Many of the greatest players in NBA history have had their praises sung in fawning profiles, examined front to back in biographies or immortalized with unforgettable nicknames.

And then there's Sam Jones, where the praise sent his way always was simpler, more muted, but in its own way spoke volumes.

"All he wanted to do was win," legendary Boston Celtics coach and president Red Auerbach once said of Jones, who died Friday at the age of 88.

His given name didn't lend itself as easily to nicknames like teammate Bob Cousy's did, so Jones ended up with a number of generic-sounding monikers: "The Shooter" and "Mr. Clutch" (although Jerry West co-opted the latter). But there are three facts every self-respecting Celtics fan knows as gospel.

1. His bank shot is purportedly one of the best of all time.
2. His humility was inseparable from his success.
3. His clutch exploits made even Bill Russell, his teammate and the greatest winner in major North American team sports, marvel.

"His presence gave me comfort in key games," Russell wrote in his autobiography, "Second Wind." "In the seventh game of a championship series, I'll take Sam over any player who's ever walked on a court."

When you're the No. 1 choice by an 11-time champion, you did something right.

Yet an Amazon search for "Sam Jones Celtics" yields just a single book on the 10-time champion's life, a 172-page biography from 2016. Meanwhile, you could fill a library with the tomes written about Russell and Larry Bird alone.
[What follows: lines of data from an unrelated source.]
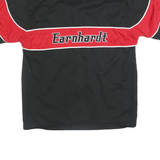 WINNER'S CIRCLE Mens Black & Red Earnhardt Racing Style Shirt XL Cotton Button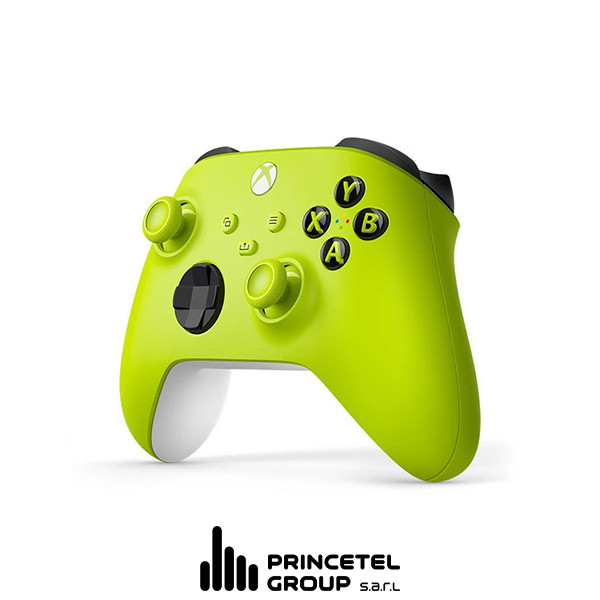 X BOX Electric Volt Wireless Controller - mobile shop in Hamra, Beirut, Lebanon. New and used phones, iPhone, Samsung, Huawei, Xiaomi, Oppo, Realme, Honor, Google Pixel, tablets, laptops, computers, and accessories. متجر موبايلات في الحمرا، بيروت، لبنان. هواتف جديدة ومستعملة، آيفون، سامسونج، هواوي، شاومي، أوبو، ريلمي، هونر، جوجل بيكسل، أجهزة لوحية، لابتوبات، كمبيوترات، واكسسوارات.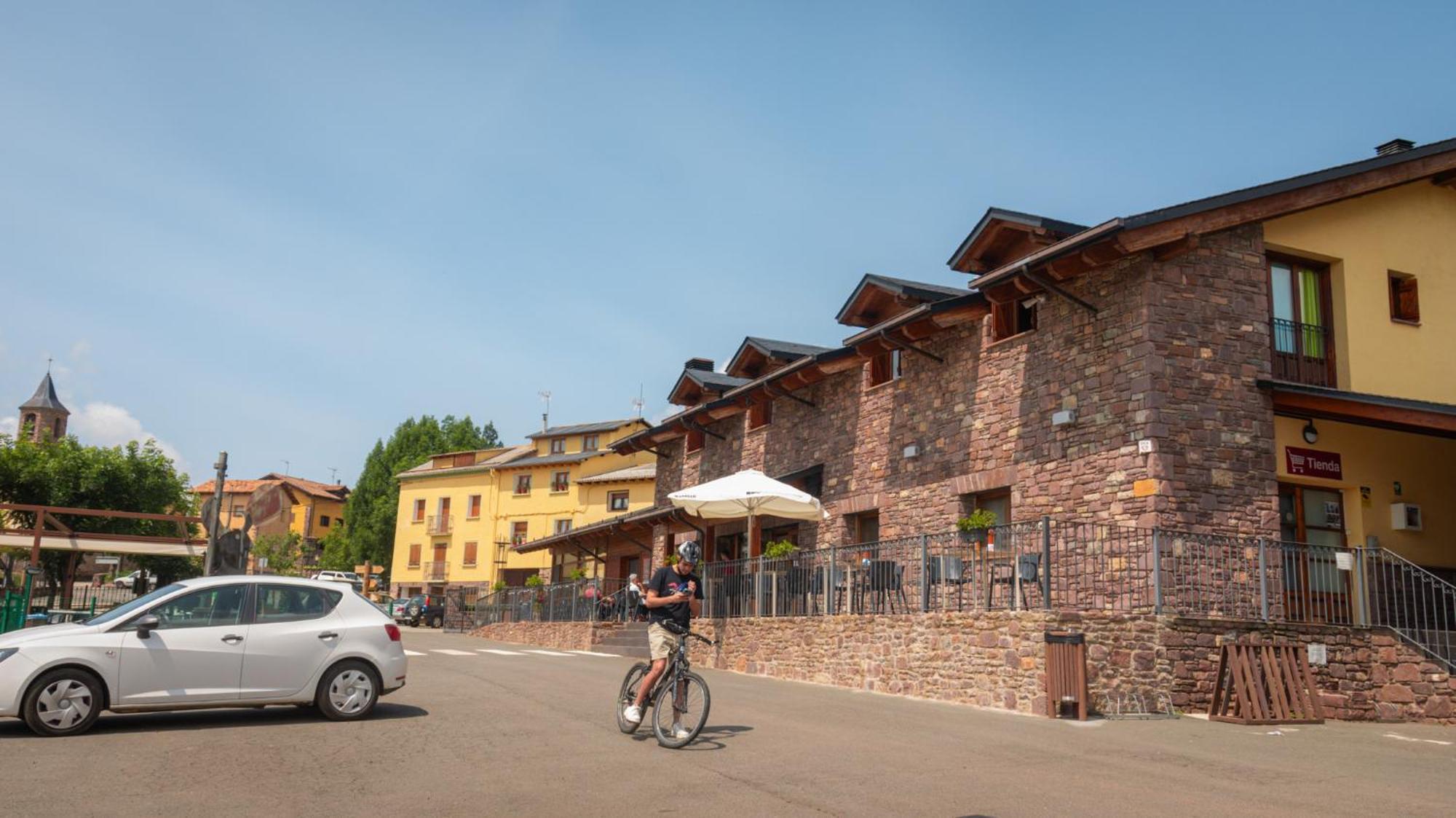Bungalows Laspaules Екстер'єр фото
That sort of fits Jones' story, though. Tom Brady recently remarked that ex-teammate Julian Edelman "likes operating from a place (of), he's going to get cut tomorrow," but that's literally how Jones' NBA career began. He never thought he'd crack the lineup, never mind reach the Basketball Hall of Fame.

Time after time after time, though, he came through. In terms of pure quantity, he may have more amazing Game 7 performances than any player in NBA history, and that's not hyperbole. But he remained just one of the "Jones Boys," forming a perennial championship backcourt with K.C. Jones, a hard-nosed Hall of Famer in his own right but nowhere near the caliber of offensive stud that Sam Jones was. Decades later, stars bristle when they feel a teammate is stealing their limelight. Jones, one of the greatest shooters in NBA history, had no quarrel with sharing his legacy with a defensive-minded, 7.4-points-per-game role player.

As tends to happen, of course, the world waited to send flowers until Jones was gone. The Celtics issued a statement and will surely memorialize Jones with a tribute video or No. 24 jersey patch soon. Praise rained down on social media when news of his death broke.

The best summary might have come from Cousy, though, because in befitting fashion for Jones, it was direct and to the point.

"Sam," Cousy told Dan Shaughnessy of The Boston Globe, "would never (expletive) miss."